The Reality of ‘Overurbanization”

Urban population growth in spite of stagnant or negative urban economic growth is what some researchers have labeled as ‘overurbanization’ (Next Left Review 2004).  Mike Davis argues that overurbanization is “driven by the reproduction of poverty, not by the supply of jobs” (Davis 2006).  The poor living conditions of Caracas have resulted in the city being classified as ‘overurbanized’. In these housing settlements, running water and proper sanitation services are virtually impossible to find. As more people move into the city by the day, these conditions only grow worse. The housing crisis is also increasing crime throughout the community, because these housing structures are more susceptible to break-ins and robberies due to the ill-constructed windowpanes and doorways. The recent promise that the late Chavez made to provide housing has placed a lot of pressure on succeeding president Nicolás Maduro’s administration; it has left many families anxiously awaiting a dream that many of them may not live to see. One citizen was quoted as saying, "I trust Chavez will get us into an apartment. I just don't know when that could occur, and waiting so long is becoming more and more difficult" (Toothaker 2011). Even with Chavez's death, the dreams of the poor only intensify.
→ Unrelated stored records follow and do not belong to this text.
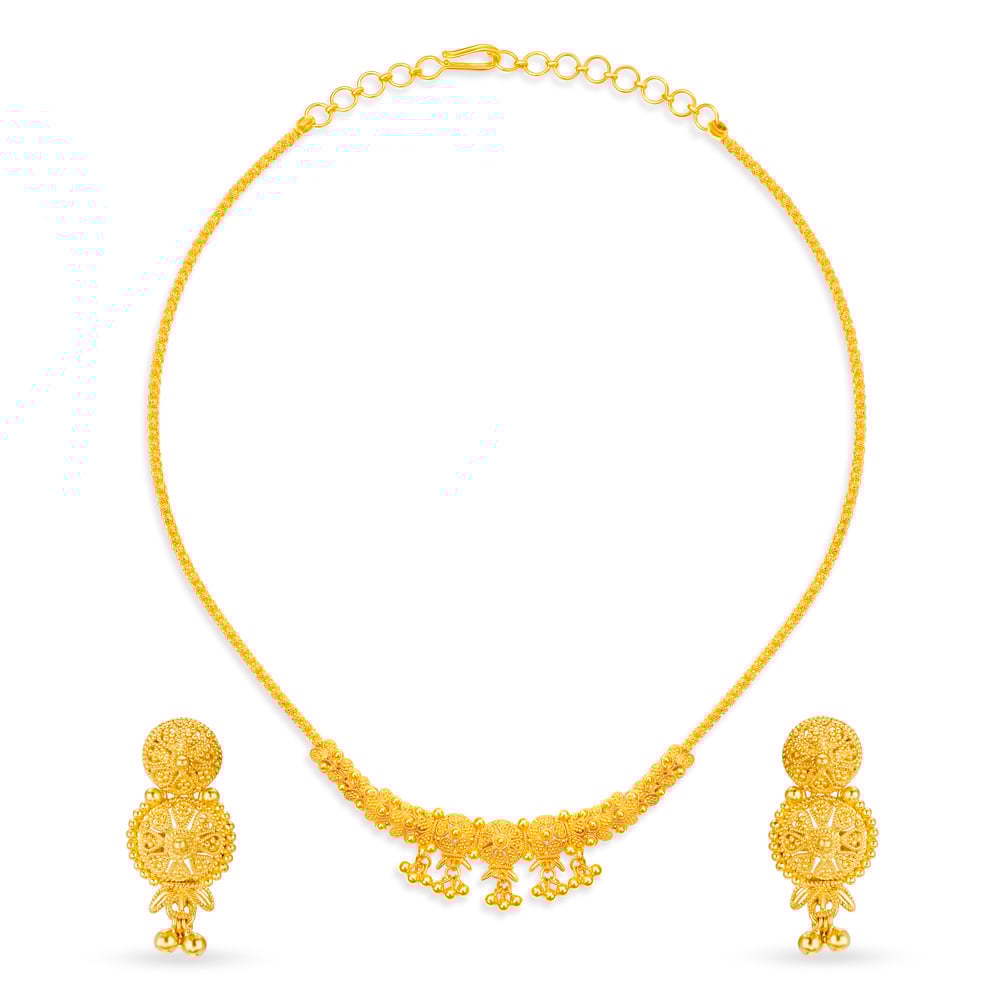 

Lavish Yellow Gold Beaded Necklace and Earrings Set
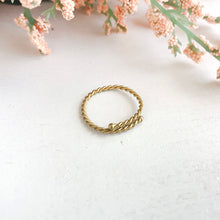 Load image into Gallery viewer, Photo of the gold Twisted Stacking Ring, next to flowers.
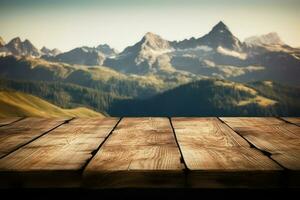 Wooden table background against mountain range in the clouds, with copy space photo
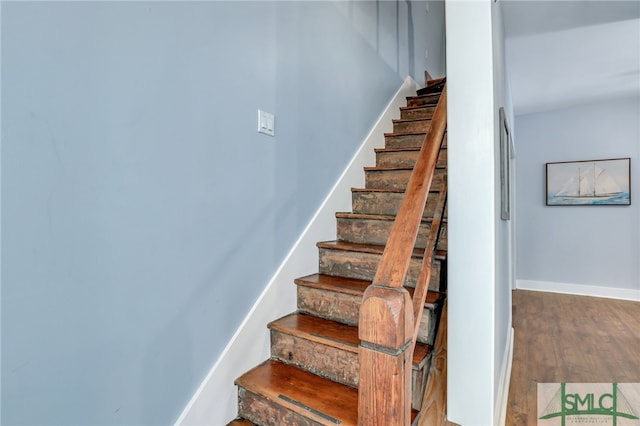 stairway featuring hardwood / wood-style floors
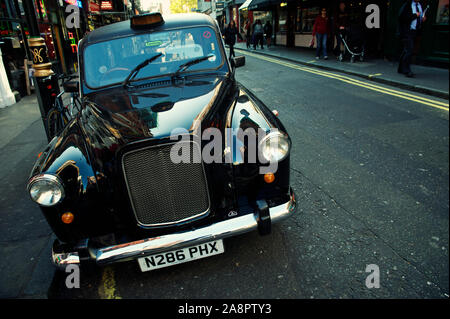 Londres, Royaume-Uni - 14 octobre 2011 : un taxi brillant, connu traditionnellement sous le nom de taxi noir, est stationné dans la rue sombre du centre de Londres. Banque D'Images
Many will continue to wait, even if they are a rain storm away from being homeless. On May 6, 2014, Maduro and the Venezuelan government announced that they would implement a plan to use old cars, bicycles and motorcycles as scrap metal for the construction of new homes. Maduro is very similar to Chavez: he was a former trade union bus driver and was appointed a number of positions under Chavez, most recently Prime Minister. After Chavez’s death in 2013, Maduro vowed to uphold the social reform movements that Chavez had implemented during his term. However, there was once again a failure to look at the infrastructure problem as a whole.

There are many buildings and structures that have been left standing as incomplete projects. These can be used for housing if remodeled and renovated, such as the Tower of David. This would help address the shortage of steel, as most of the steel is already in place in the unfinished buildings. The squatter situation has made it hard to begin construction since it would displace many, but if the Maduro administration follows President Perez Jimenez’s idea of “building upward”, they would displace fewer people and move more people into sustainable housing more quickly. This would eventually result in more available land on which to build additional housing.

Although Maduro is finally placing the necessary attention on the housing shortage, there is still a need for the proper reallocation of public spending. Maduro and his administration are looking to “widen” the social program reforms such as public housing construction, social welfare payments, employment and cultural programs (Robertson 2014). This means that more money would go towards the improvement of these areas. However, it is necessary that special attention be placed on housing considering it is the one area that has had the least improvement over the years.

Conclusion

Urbanization, in the case of Caracas, has served the opposite purpose of what was intended. Historically, urbanization was meant to bring not only more jobs into the city, but was also a sense of pride. The city of Caracas has felt everything but pride: its housing crisis continues to be one of the worst in the world. In order for Caracas to rise to the great heights it was built for, the government must effectively plan to use funds for public housing before it becomes impossible to fix. The Tower of David can stand as a symbol of pride for Caracas if it is repaired, finished, and reconstructed into adequate living quarters for families instead of the banking center that the city is still, in theory, attempting to construct. This is a building that is known globally as the world’s tallest slum, but it could prove to all overurbanized cities that a government can hear the cries of its people. The government is made for the people, and essentially, it should give the people what they need.